A colourful quest for individuality
After school. Two Hamilton Girls' High School students sit on the steps out front of The Warehouse in town. One plays with her tongue ring incessantly and has punkish hair. A hoodie under her regulation jersey. The other wears a black jumper and has chipped blue nail polish. They sit like Disprin at the bottom of a glass and start fizzing within seconds. The world is containing them. They fidget and dissolve into each other and shout to their friends. Up go their sleeves to reveal stacks of coloured bracelets. A strict teacher would have a field day cataloguing all the uniform-related misdemeanours.

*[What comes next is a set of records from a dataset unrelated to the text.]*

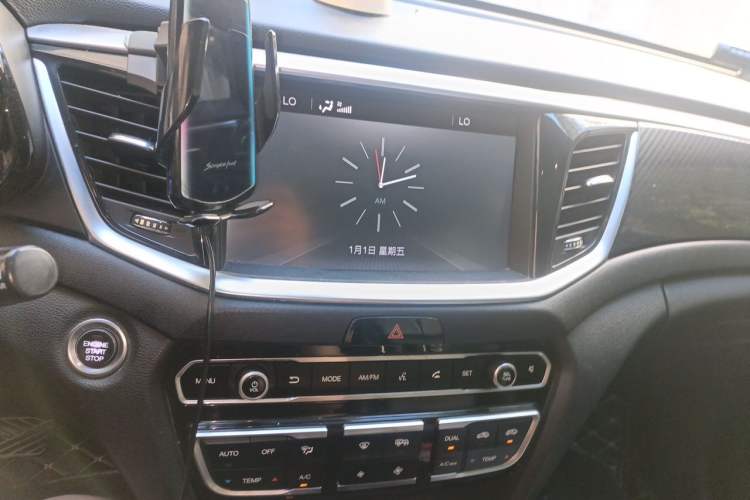 Used GAC Trumpchi GS7 2017 280T Two-Wheel Drive Luxury Model Audio And AC Panel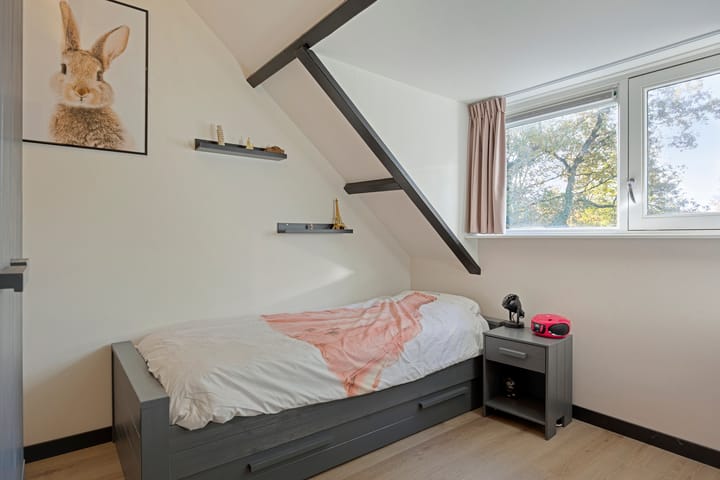 Photo 24 of Valeriaan 32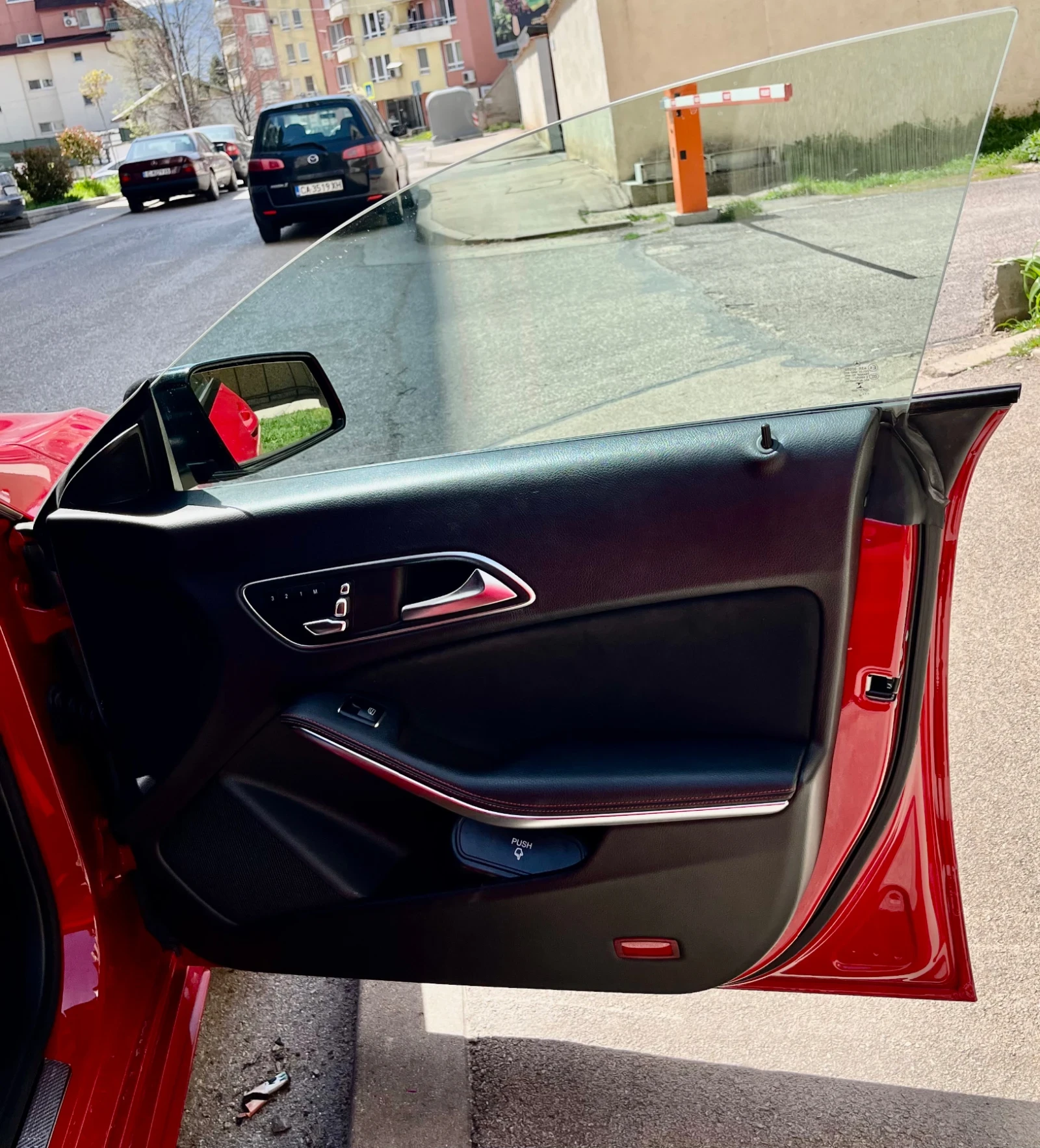 Mercedes-Benz CLA 220 /AMG/4x4/PANORAMA/KAMERA/NAVI/FULL, снимка 17 - Автомобили и джипове - 54227368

I ask why they give school rules the middle finger and one looks at me with a face full of vibrant, adolescent rebellion.
"Because I can."
Well, she gets in a bit of trouble - as you'd expect. But she chooses detention over taming down her look and she talks about punishment as though it's par for the course. I can see her becoming a freedom fighter. My mum talks about a schoolmate who got hauled out in assembly on an all-but-weekly basis for uniform offences and went on to be a mild-mannered kindy teacher. You never know.
Scotts Epicurean co-owner and resident joker Dave Tourelle went to St John's College back in the '70s. I asked if he ever tweaked his uniform.
"Course I did."
I asked why.
"I was rebelling."
He wore a Swanndri over the standard jumper. "And that made me cool." He laughs.
"And we used to sit on our caps so they had three folds on them and that made us cooler than people with no folds."
I ask if he thinks students should be allowed to personalise their uniforms.
"I don't think you can stop people being individuals," he says.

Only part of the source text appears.